Word for word, repeat the entries, minus the pictures.

Entries provided: Begin

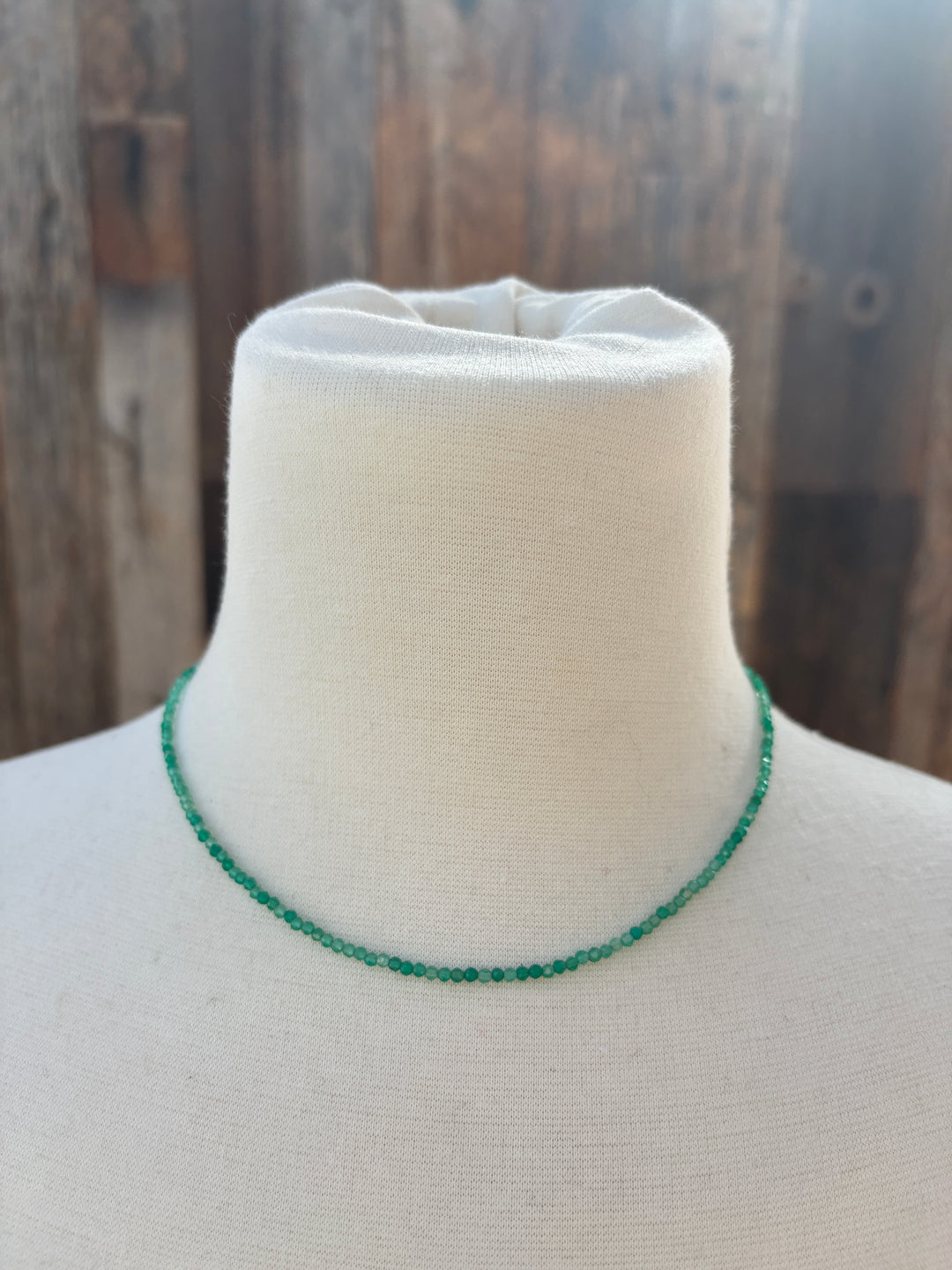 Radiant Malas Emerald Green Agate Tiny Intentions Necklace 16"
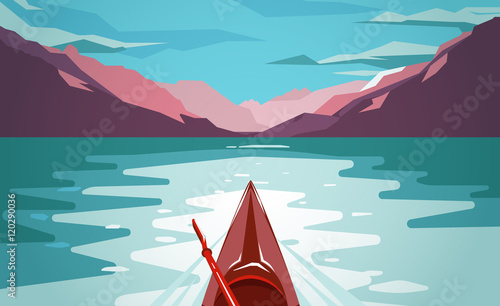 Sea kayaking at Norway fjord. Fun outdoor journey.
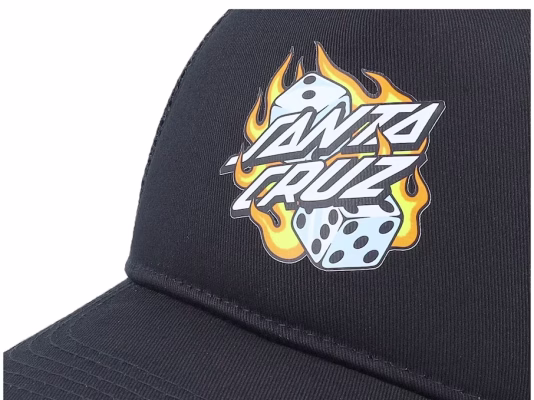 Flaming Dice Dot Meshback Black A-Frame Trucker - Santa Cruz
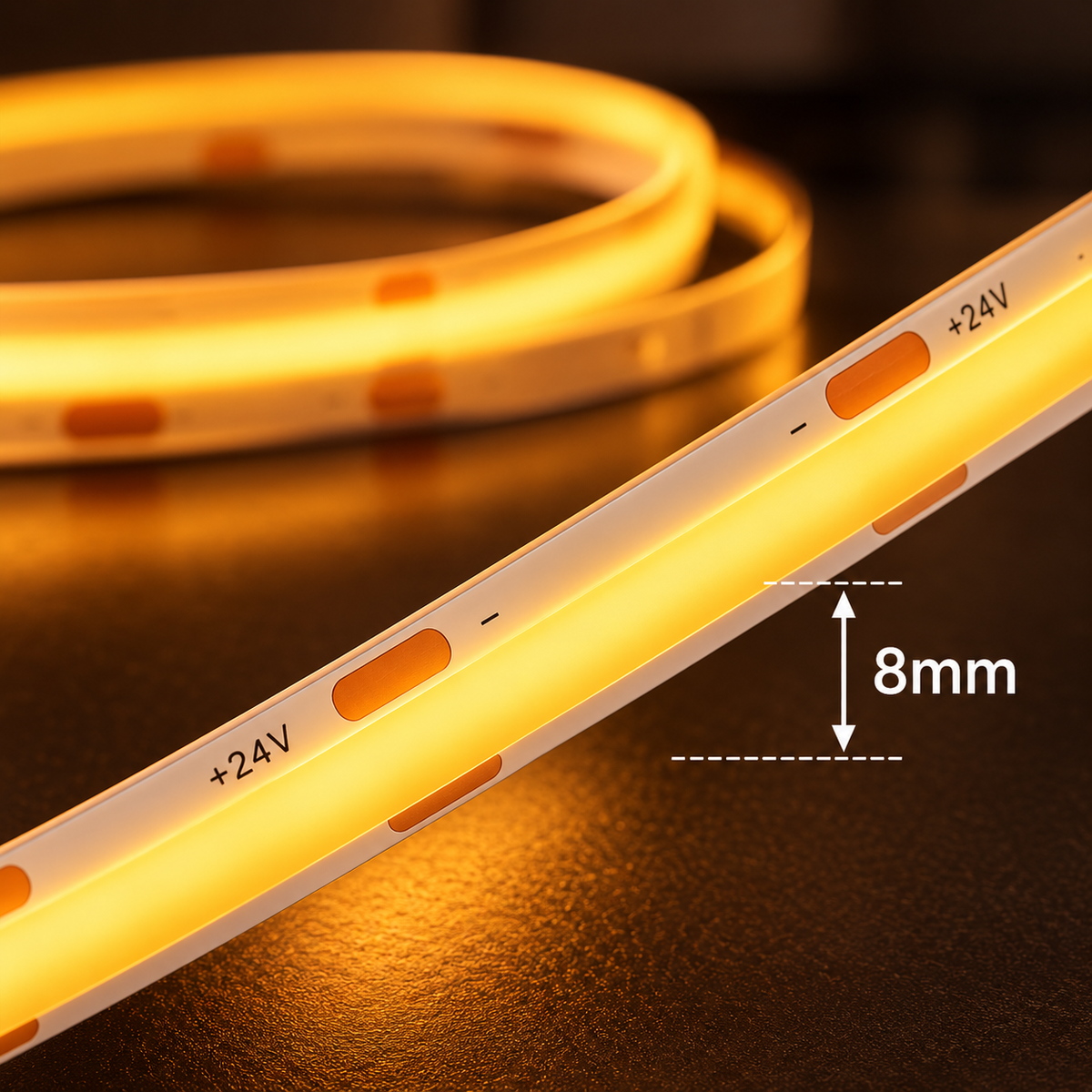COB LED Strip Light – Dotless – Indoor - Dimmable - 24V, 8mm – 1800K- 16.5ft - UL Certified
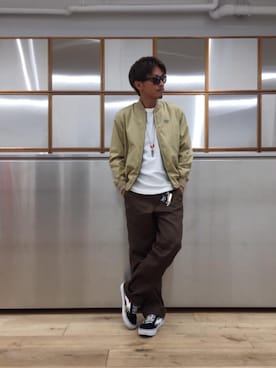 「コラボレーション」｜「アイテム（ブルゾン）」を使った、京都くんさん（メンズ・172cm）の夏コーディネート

Entries provided: End

— Solution —
 Radiant Malas Emerald Green Agate Tiny Intentions Necklace 16"
 Sea kayaking at Norway fjord. Fun outdoor journey.
 Flaming Dice Dot Meshback Black A-Frame Trucker - Santa Cruz
COB LED Strip Light – Dotless – Indoor - Dimmable - 24V, 8mm – 1800K- 16.5ft - UL Certified
 「コラボレーション」｜「アイテム（ブルゾン）」を使った、京都くんさん（メンズ・172cm）の夏コーディネート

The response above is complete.